→ **INPUT DATA**:
◆ ◆ ◆
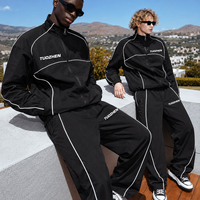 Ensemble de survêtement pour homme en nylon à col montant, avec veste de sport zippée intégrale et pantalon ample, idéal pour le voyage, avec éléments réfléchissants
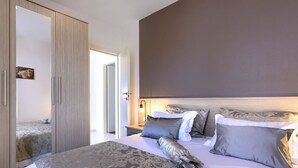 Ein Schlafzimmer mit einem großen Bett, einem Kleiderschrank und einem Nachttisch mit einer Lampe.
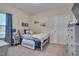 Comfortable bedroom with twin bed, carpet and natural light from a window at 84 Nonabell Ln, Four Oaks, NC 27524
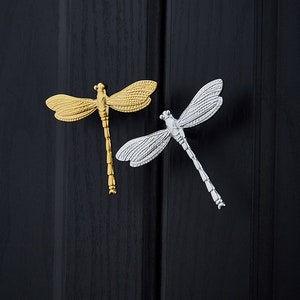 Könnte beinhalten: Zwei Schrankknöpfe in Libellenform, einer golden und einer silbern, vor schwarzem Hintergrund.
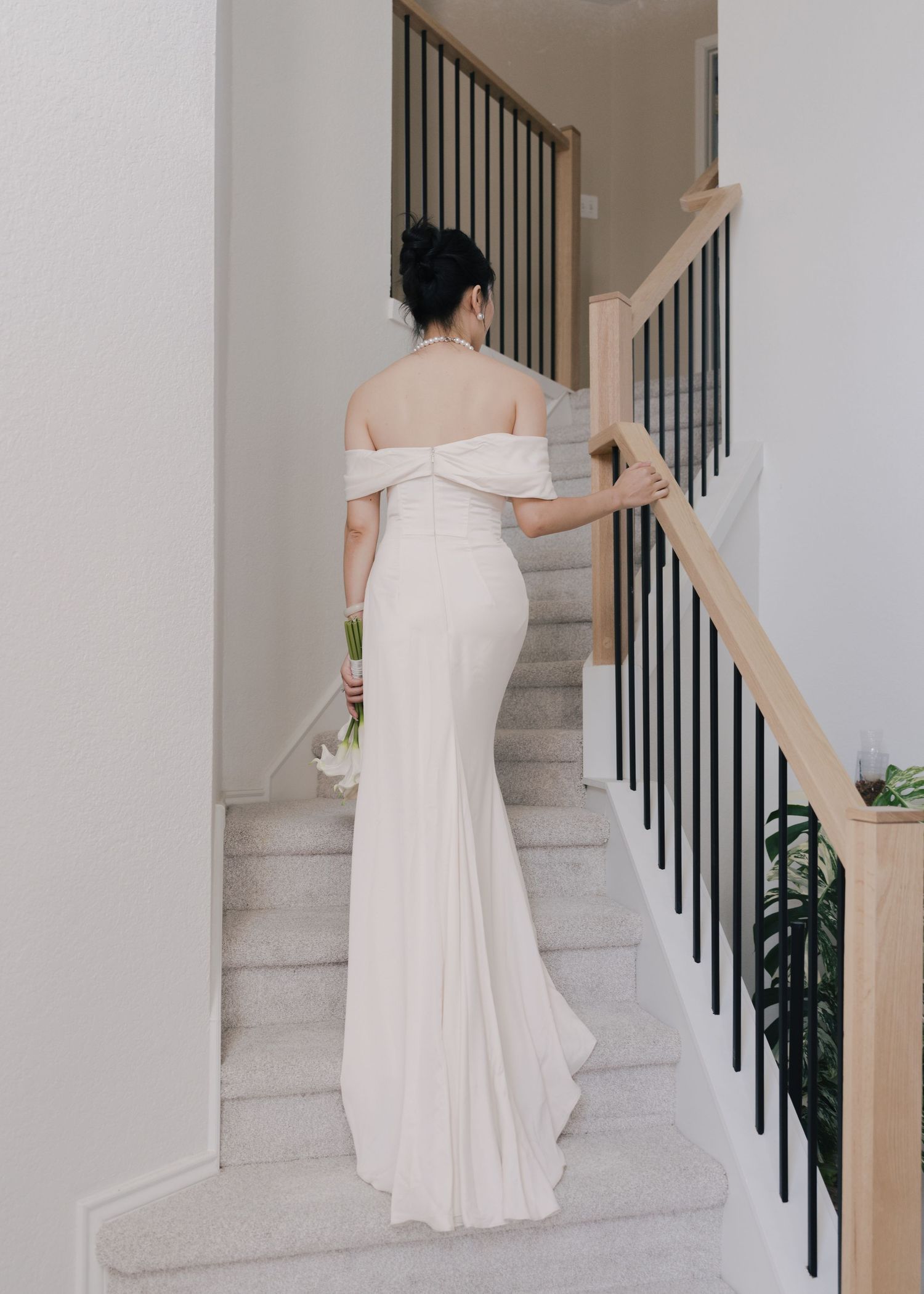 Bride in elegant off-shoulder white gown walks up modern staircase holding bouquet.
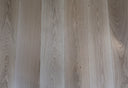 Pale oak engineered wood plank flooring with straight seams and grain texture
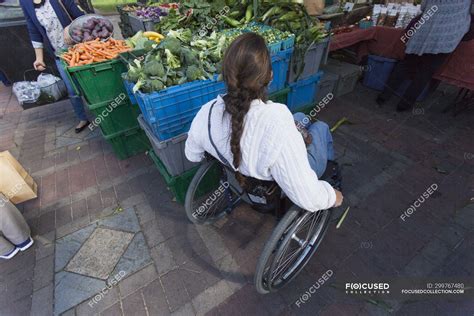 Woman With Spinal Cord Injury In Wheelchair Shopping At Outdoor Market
◆ ◆ ◆
→ **WORK INSTRUCTION**: An exact copy of all the entries is required, and it must contain no pictures.

→ **SOLUTION**:
 Ensemble de survêtement pour homme en nylon à col montant, avec veste de sport zippée intégrale et pantalon ample, idéal pour le voyage, avec éléments réfléchissants
 Ein Schlafzimmer mit einem großen Bett, einem Kleiderschrank und einem Nachttisch mit einer Lampe.
 Comfortable bedroom with twin bed, carpet and natural light from a window at 84 Nonabell Ln, Four Oaks, NC 27524
 Könnte beinhalten: Zwei Schrankknöpfe in Libellenform, einer golden und einer silbern, vor schwarzem Hintergrund.
 Bride in elegant off-shoulder white gown walks up modern staircase holding bouquet.
 Pale oak engineered wood plank flooring with straight seams and grain texture
 Woman With Spinal Cord Injury In Wheelchair Shopping At Outdoor Market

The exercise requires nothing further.